Correlation vs. causality: tax pros and audit probability and LOVE

Tax Practitioner Credentials and the Incidence of IRS Audit Adjustments

2003, Accounting Horizons

John Hasseldine, Peggy A Hite

Abstract

A random selection of Internal Revenue Service office audits from October 1997 to July 1998, the type of audit that concerns most taxpayers, is analyzed. Taxpayers engage paid preparers in order to avoid this type of audit and to avoid any resulting tax adjustments. Whether there are more audit adjustments and penalty assessments on tax returns with paid-preparer assistance than on tax returns without paid-preparer assistance is examined. By comparing the frequency of adjustments on IRS office audits, it is concluded that there are significantly fewer tax adjustments on paid-preparer returns than on self-prepared returns. Moreover, CPA-prepared returns resulted in fewer audit adjustments than non CPA-prepared returns. The study included 2,253 audit cases; 71% of the audited taxpayers prepared their own tax return, 19% hired a CPA, and 10% hired a non-CPA. Most adjustments come from deduction errors, and CPA-assisted returns have significantly lower likelihood of having a deduction adjustment.

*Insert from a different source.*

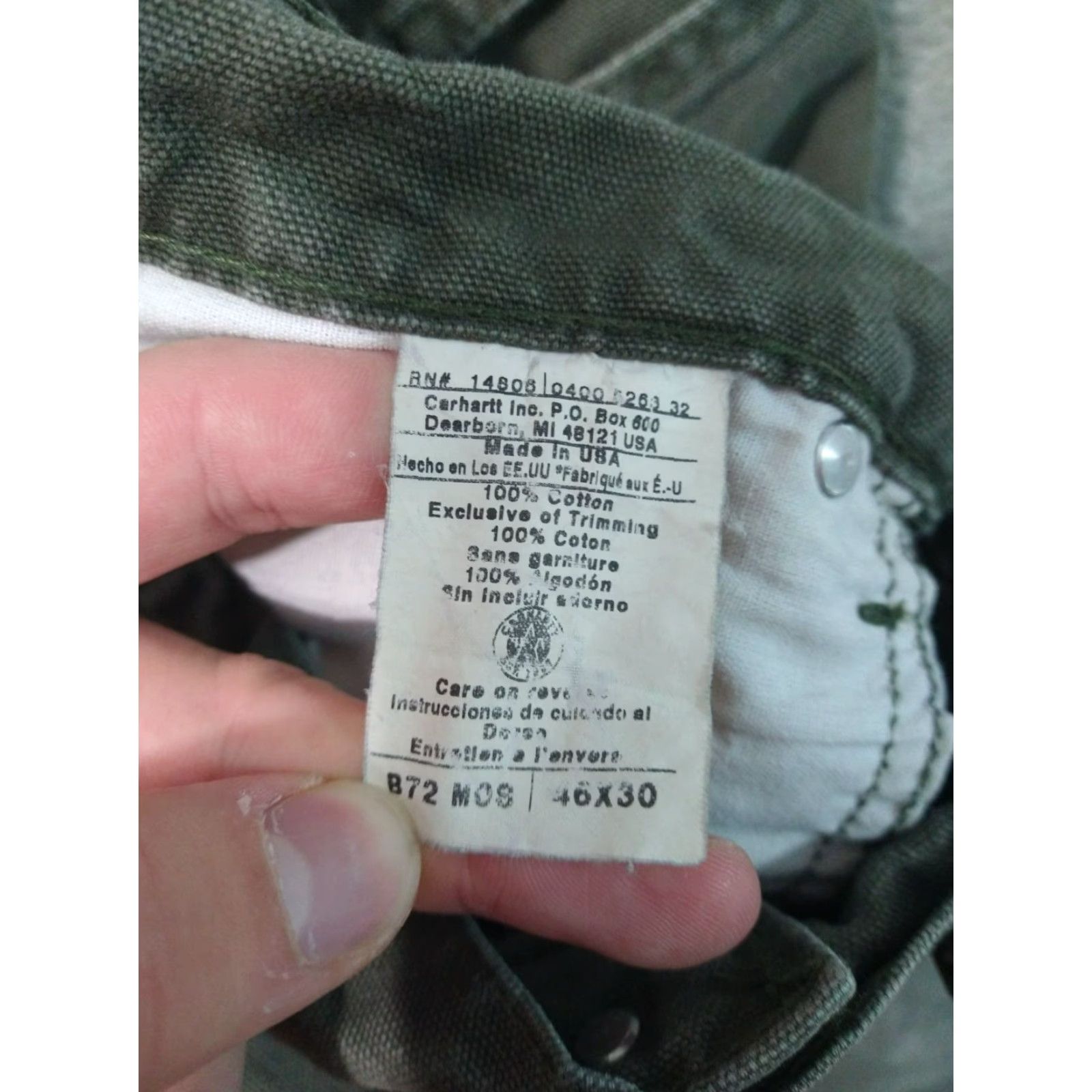 Carhartt VINTAGE Carhartt Pants Mens 46x30 Green Canvas Duck Tapered Leg USA Regular 5-Pocket Chino Workwear 1990s Mens Size US 30 / EU 46 - 7 Thumbnail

Given that most paid preparers are not CPAs, a naive interpretation of the data above could lead to an erroneous conclusion, to wit: hiring a CPA to prepare your tax return "causes" a higher likelihood of IRS audit than hiring a non-CPA to prepare it.

An alternative explanation could be that the subset of taxpayers whose finances are sufficiently complicated as to make them likely to attract the interest of the IRS are also more likely to hire a CPA than they are to hire a non-CPA.

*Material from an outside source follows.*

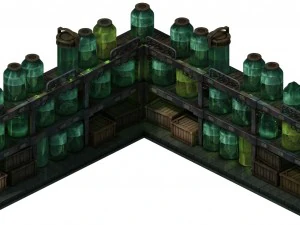 church hospital - specimen wooden frame 04 3D Model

Since the study also found that IRS audits in the sample turned up fewer errors on CPA-prepared returns than on non-CPA-prepared returns, choosing a CPA might well have been a very good decision on their part.

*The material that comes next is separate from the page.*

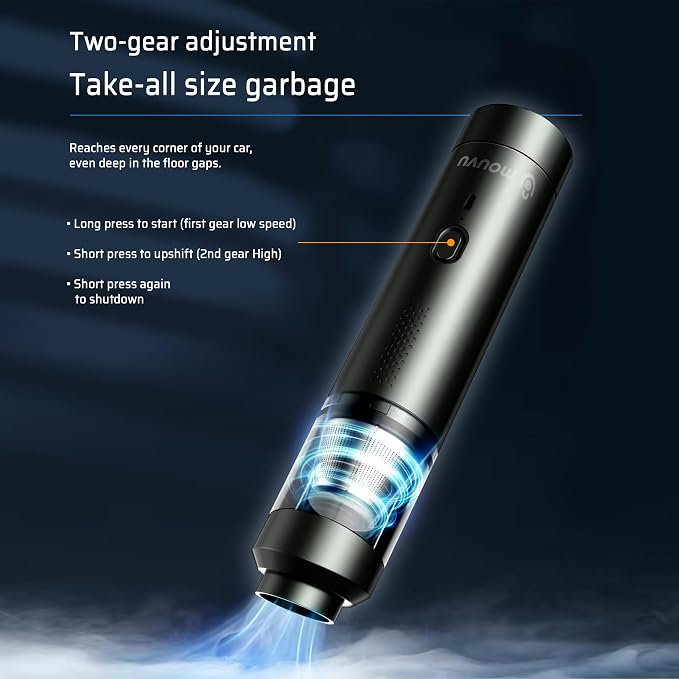 Portable Mini Cordless Car Vacuum with 16000pa, Blow & Suction 2 in 1, Type-C Charge, 2 Suction Modes, Handheld, Office Desk, Couchs, Hidden Areas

In a study such as this one, there are always many unobserved variables which could be a source of what econometricians refer to as LOVE ("Left Out Variable Error.")

The sample of taxpayers selected for office audit is clearly not a random representative cross-section of taxpayers. Taxpayers who prepare their own tax returns are a minority of taxpayers, but they constituted 71% of those audited in the study sample. It's an interesting question as to whether preparing your own tax return raises the probability of audit, after statistically controlling for the complexity and other attributes of the return.